What needs to be done
Take the data below and copy exactly the lines starting at the one with "Скриншот из 堕落女警" and finishing at the one with "Okaasan Boukensha, Login", both included.

(Records from a data collection)
◆ ◆ ◆ ◆

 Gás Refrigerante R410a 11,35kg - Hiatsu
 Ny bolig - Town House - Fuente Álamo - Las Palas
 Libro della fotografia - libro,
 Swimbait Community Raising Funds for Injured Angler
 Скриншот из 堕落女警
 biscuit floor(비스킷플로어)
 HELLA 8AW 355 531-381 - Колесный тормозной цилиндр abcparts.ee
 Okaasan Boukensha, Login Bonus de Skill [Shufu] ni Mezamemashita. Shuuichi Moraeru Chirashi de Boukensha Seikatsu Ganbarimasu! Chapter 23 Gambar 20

◆ ◆ ◆ ◆

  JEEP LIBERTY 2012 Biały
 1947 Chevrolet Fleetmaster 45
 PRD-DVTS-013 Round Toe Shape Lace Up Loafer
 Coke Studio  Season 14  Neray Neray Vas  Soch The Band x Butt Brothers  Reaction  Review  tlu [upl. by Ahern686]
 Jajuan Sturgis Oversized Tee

◆ ◆ ◆ ◆

Task result
 Скриншот из 堕落女警
 biscuit floor(비스킷플로어)
 HELLA 8AW 355 531-381 - Колесный тормозной цилиндр abcparts.ee
 Okaasan Boukensha, Login Bonus de Skill [Shufu] ni Mezamemashita. Shuuichi Moraeru Chirashi de Boukensha Seikatsu Ganbarimasu! Chapter 23 Gambar 20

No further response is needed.